Type systems, formal analysis and security related things are all I know of in PL research. What other types of research are under a PL PhD?
Any one-line summary of PL research is going to miss the mark, but here’s an attempt at one, anyways: PL research is about reasoning about programs. Sometimes we do the reasoning ourselves, sometimes we build algorithms or tools that do the reasoning automatically, and sometimes we make it easier for programmers to do the reasoning.
I once gave a quick summary along those lines to a machine learning researcher, who then responded “so basically, you guys solve the halting problem.”¹ I mean, basically. Pretty much anything interesting you could ever want to know about a program is undecidable. And yet PL is a thriving field. How?

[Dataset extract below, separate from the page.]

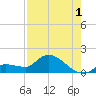 Waltz Key tide chart for Thursday, August 1, 2024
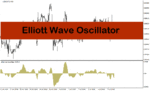 خرید و دانلود دانلود اندیکاتور الیوت برای متاتریدر4 با نام Elliott Wave Oscillator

Typically, we explore some trade-offs:
- We solve decidable sub-problems of an undecidable problem.
- We approximate a solution to an undecidable problem that mostly works in practice.
- We limit what we let the programmer do so that we can avoid solving the problem altogether. (This is often actually a really good solution.)
This explanation for sure falls short, though, so let’s get into some examples. I’ll walk through a small selection of topics I know about. I’m not going to pretend it’s an exhaustive list, and it’s definitely biased by the kinds of research I’m exposed to at UW. Also note that this list is constantly evolving, and that there’s some overlap with software engineering research—I’m not going to get into the distinction.
If you want to learn more about any of these topics or see what other kinds of PL research exist, I recommend checking out the programs for some big PL conferences (PLDI 2017 [not yet posted, but hopefully soon], POPL 2017, OOPSLA 2016).
Language Design & Implementation
What it is: This is probably what most people think we do: design and implement programming languages.² This often means developing new abstractions that help programmers express something that is difficult to express or avoid common mistakes. Sometimes it’s just a matter of combining and implementing existing abstractions the right way. It’s actually a pretty small part of PL research, but there are people who focus on it, and it intersects a lot with other kinds of PL research.
Recent example: Checked C is a project at Microsoft Research with the goal of making your life less miserable if you have to write C programs. In their words:
Checked C … adds checking to C to detect or prevent common programming errors such as buffer overruns, out-of-bounds memory accesses, and incorrect type casts.
Why you should care: You use these languages every day. No matter how awesome of a programmer you are, there are sometimes things you can’t express easily or mistakes that you’re likely to make. Researchers are trying to make your life easier.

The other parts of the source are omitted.